### What you are asked to do
When the line with "Nestlé Resource Veal Garden Puree 300g" turns up below, begin repeating exactly, and carry on through the line with "Bayport tide chart"; no pictures go into the copy.

### Input records
┏━━

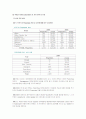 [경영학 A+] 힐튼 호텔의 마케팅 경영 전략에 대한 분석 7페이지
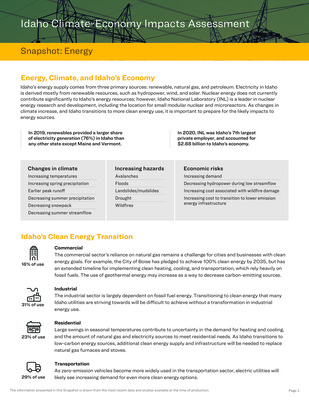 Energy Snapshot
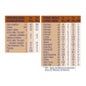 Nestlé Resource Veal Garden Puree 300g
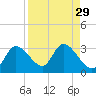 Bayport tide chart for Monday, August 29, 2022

┗━━
┏━━

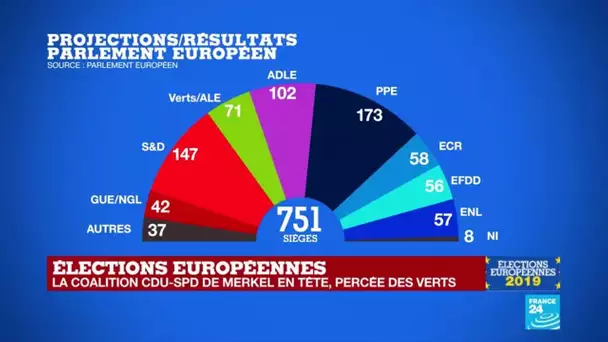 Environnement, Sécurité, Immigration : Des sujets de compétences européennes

┗━━

### Response
 Nestlé Resource Veal Garden Puree 300g
 Bayport tide chart for Monday, August 29, 2022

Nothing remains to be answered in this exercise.